Task material
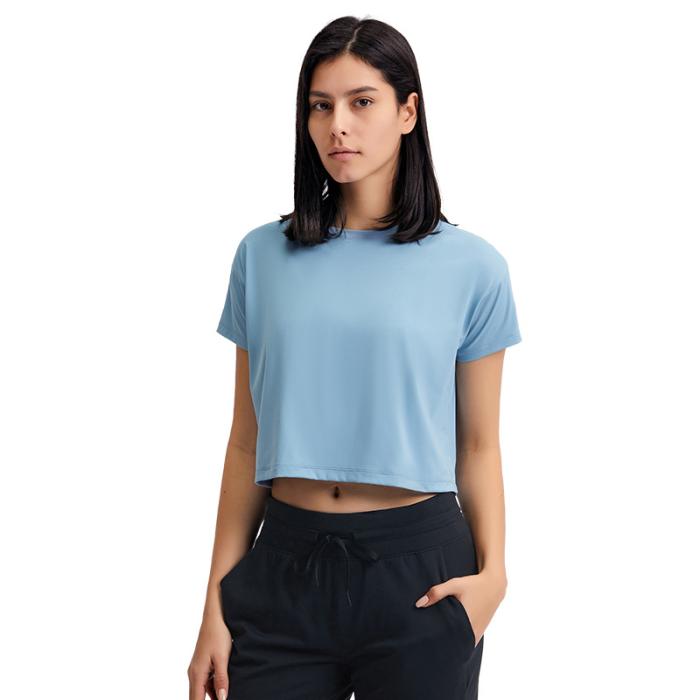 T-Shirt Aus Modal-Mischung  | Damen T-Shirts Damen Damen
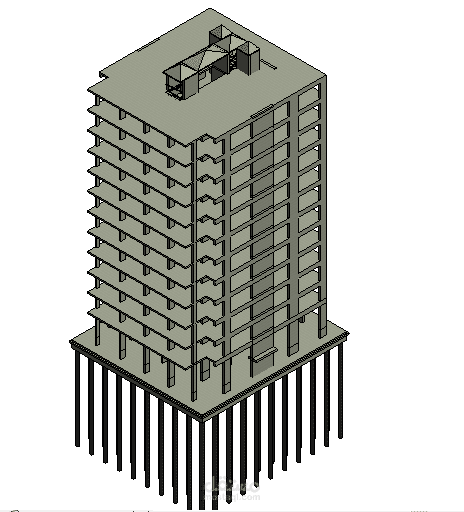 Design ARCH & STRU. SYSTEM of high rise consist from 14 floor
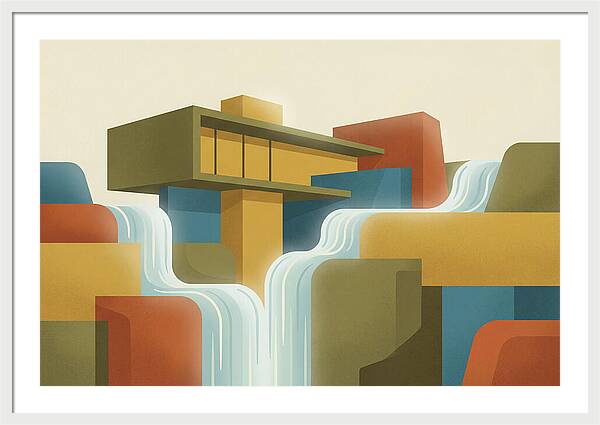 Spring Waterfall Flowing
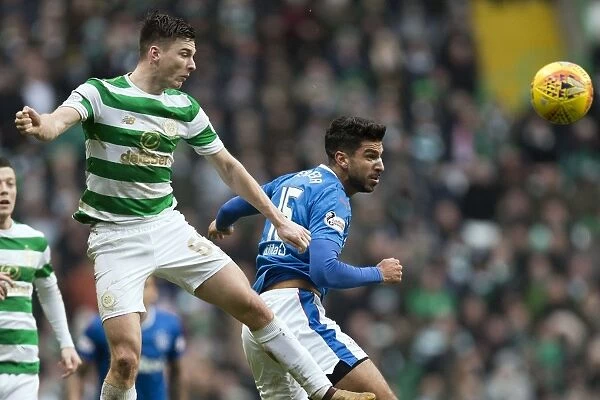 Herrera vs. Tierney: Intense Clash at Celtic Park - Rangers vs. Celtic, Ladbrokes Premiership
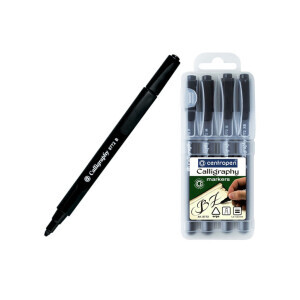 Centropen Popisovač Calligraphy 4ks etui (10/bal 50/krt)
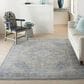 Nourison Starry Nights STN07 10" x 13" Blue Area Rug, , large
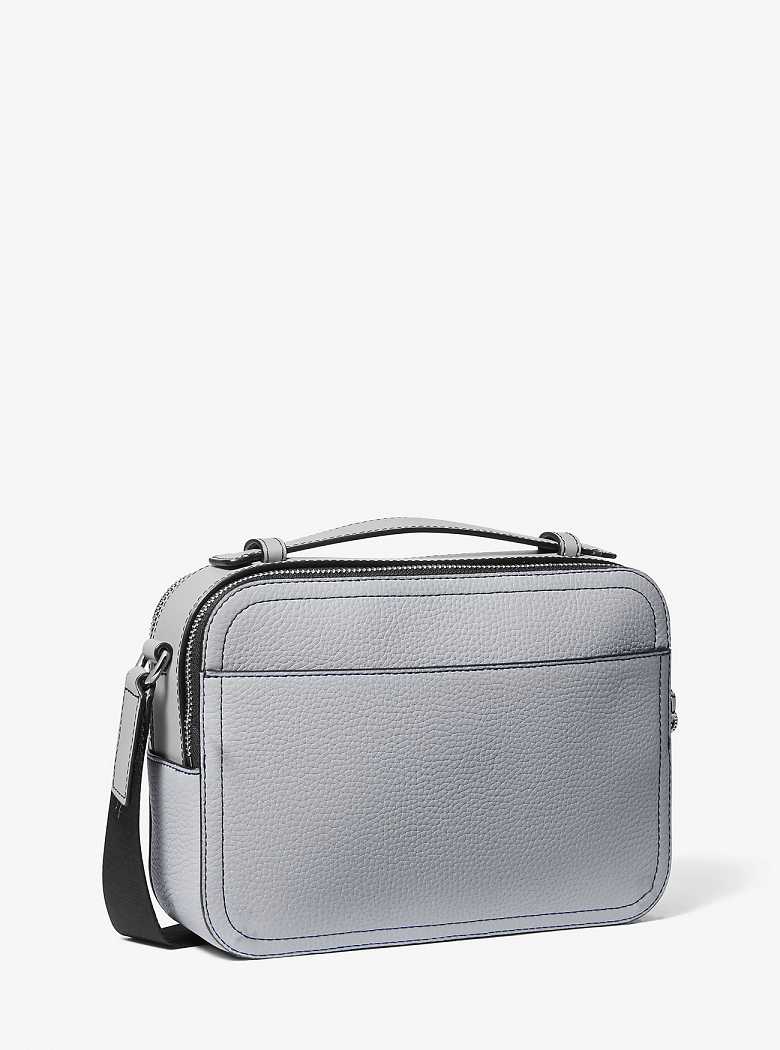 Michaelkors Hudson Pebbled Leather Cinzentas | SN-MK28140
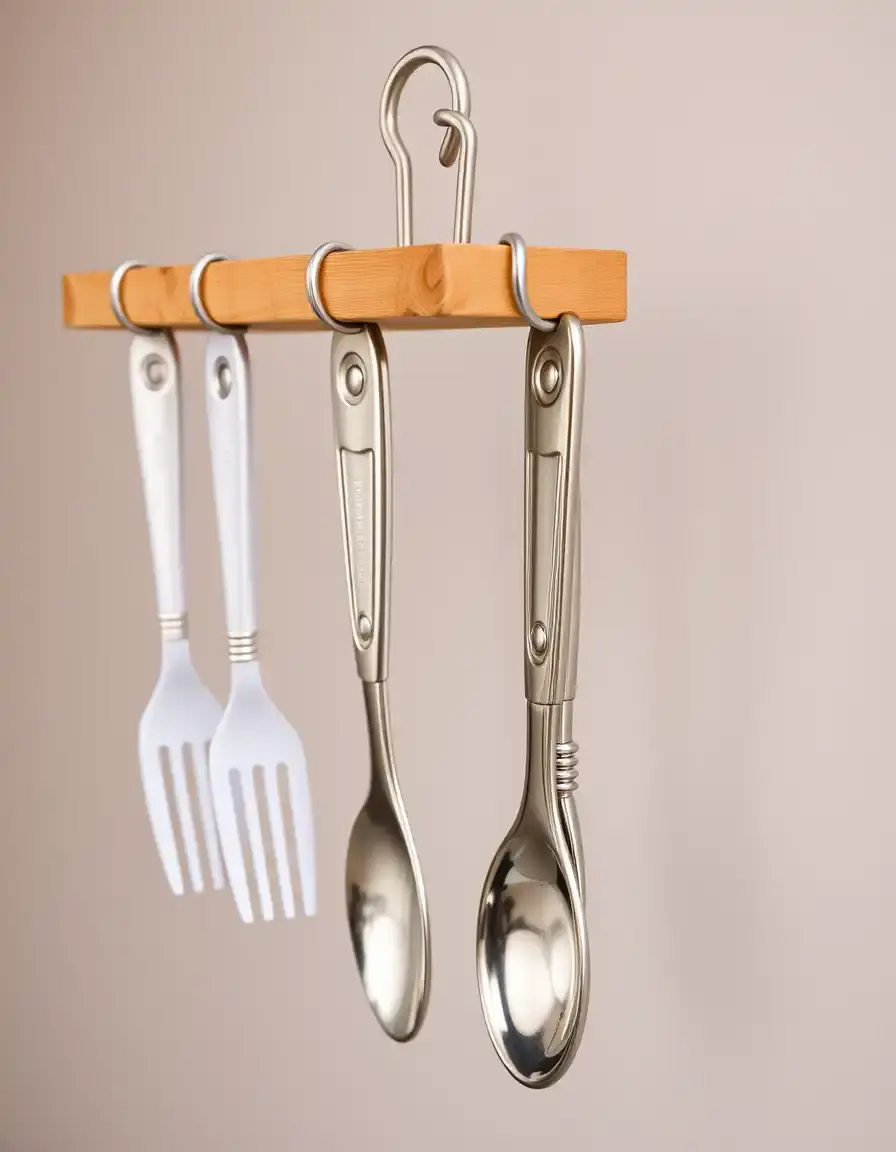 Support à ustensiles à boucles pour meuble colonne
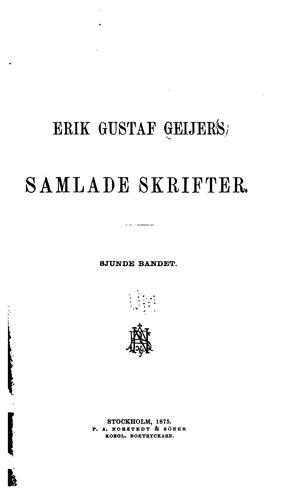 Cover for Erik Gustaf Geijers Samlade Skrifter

--

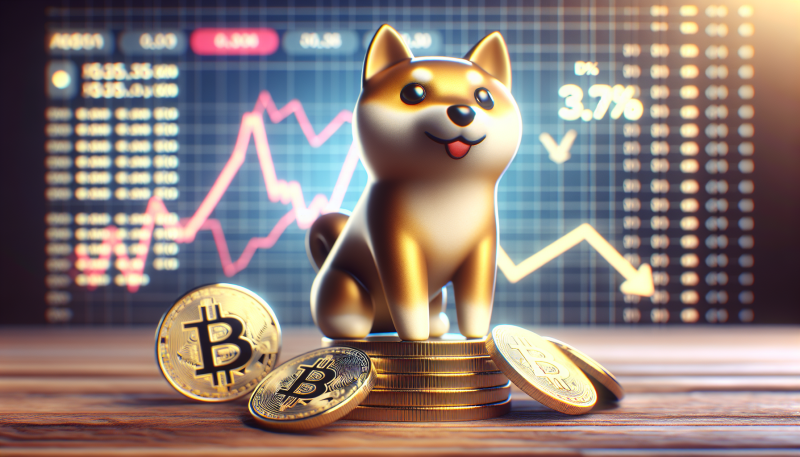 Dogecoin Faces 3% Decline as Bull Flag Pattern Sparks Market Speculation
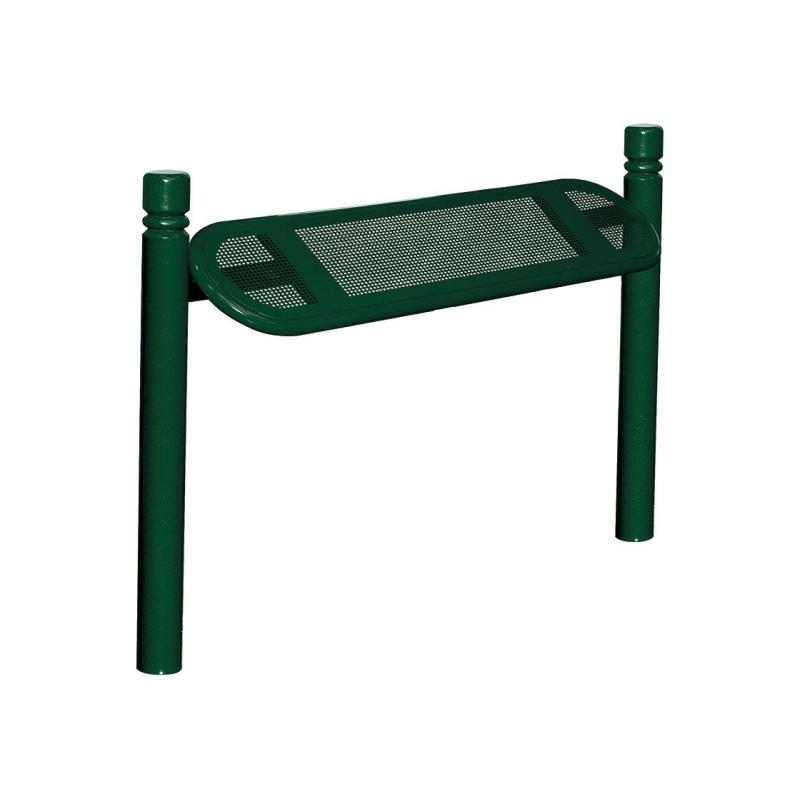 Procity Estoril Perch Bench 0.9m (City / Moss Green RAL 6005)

...

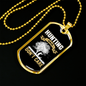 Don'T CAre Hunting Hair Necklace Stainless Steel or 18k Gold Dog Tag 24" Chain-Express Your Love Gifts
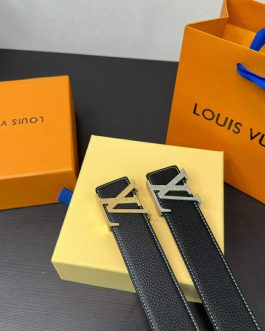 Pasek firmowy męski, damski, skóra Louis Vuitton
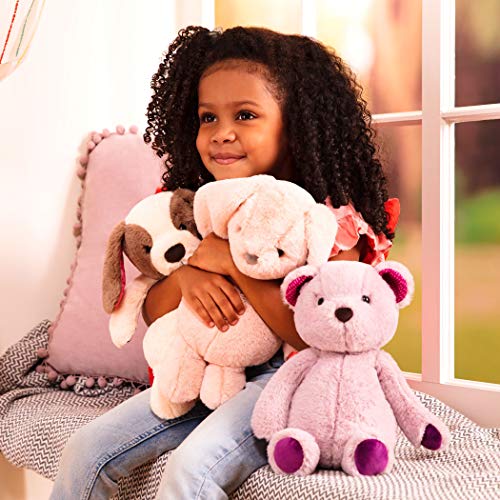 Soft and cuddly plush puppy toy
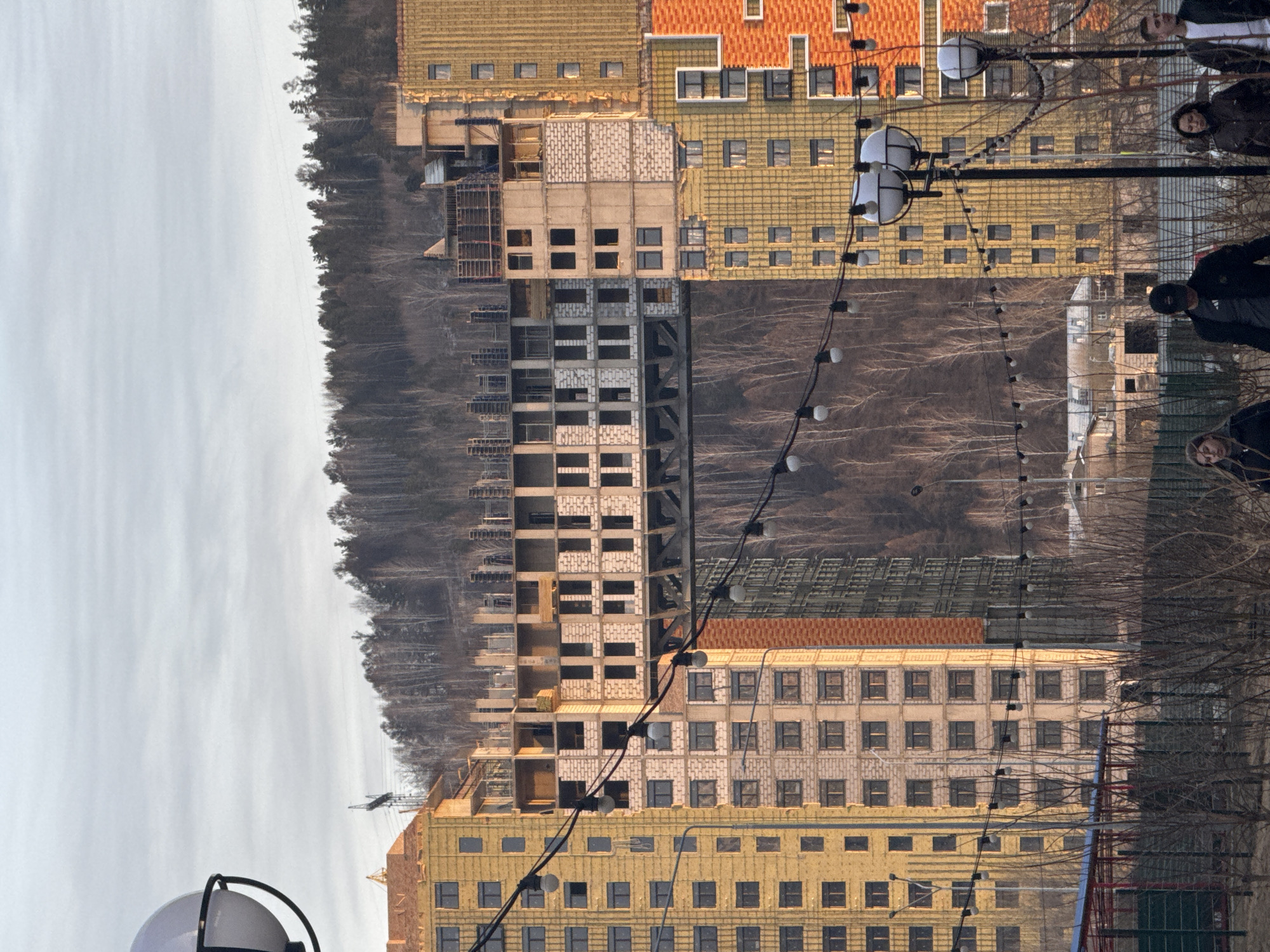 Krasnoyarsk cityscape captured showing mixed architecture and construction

What to do
From the line containing "T-Shirt Aus Modal-Mischung" through the line containing "Nourison Starry Nights", copy every line above exactly, without pictures.

Reply to the task
 T-Shirt Aus Modal-Mischung  | Damen T-Shirts Damen Damen
 Design ARCH & STRU. SYSTEM of high rise consist from 14 floor
 Spring Waterfall Flowing
 Herrera vs. Tierney: Intense Clash at Celtic Park - Rangers vs. Celtic, Ladbrokes Premiership
 Centropen Popisovač Calligraphy 4ks etui (10/bal 50/krt)
 Nourison Starry Nights STN07 10" x 13" Blue Area Rug, , large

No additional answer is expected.